(Web page caption snippets)

################

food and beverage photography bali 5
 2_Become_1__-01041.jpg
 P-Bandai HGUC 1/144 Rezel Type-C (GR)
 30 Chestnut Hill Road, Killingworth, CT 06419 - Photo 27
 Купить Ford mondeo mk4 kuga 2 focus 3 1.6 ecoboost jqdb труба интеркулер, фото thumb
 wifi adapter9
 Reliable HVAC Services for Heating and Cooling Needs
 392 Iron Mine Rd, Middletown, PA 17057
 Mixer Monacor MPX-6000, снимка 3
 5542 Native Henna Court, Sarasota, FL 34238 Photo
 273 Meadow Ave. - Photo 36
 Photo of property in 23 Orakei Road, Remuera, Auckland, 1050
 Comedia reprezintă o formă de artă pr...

################

▶ **Exercise goal**
Word for word, copy every entry.

▶ **Answer for this exercise**
food and beverage photography bali 5
 2_Become_1__-01041.jpg
 P-Bandai HGUC 1/144 Rezel Type-C (GR)
 30 Chestnut Hill Road, Killingworth, CT 06419 - Photo 27
 Купить Ford mondeo mk4 kuga 2 focus 3 1.6 ecoboost jqdb труба интеркулер, фото thumb
 wifi adapter9
 Reliable HVAC Services for Heating and Cooling Needs
 392 Iron Mine Rd, Middletown, PA 17057
 Mixer Monacor MPX-6000, снимка 3
 5542 Native Henna Court, Sarasota, FL 34238 Photo
 273 Meadow Ave. - Photo 36
 Photo of property in 23 Orakei Road, Remuera, Auckland, 1050
 Comedia reprezintă o formă de artă pr...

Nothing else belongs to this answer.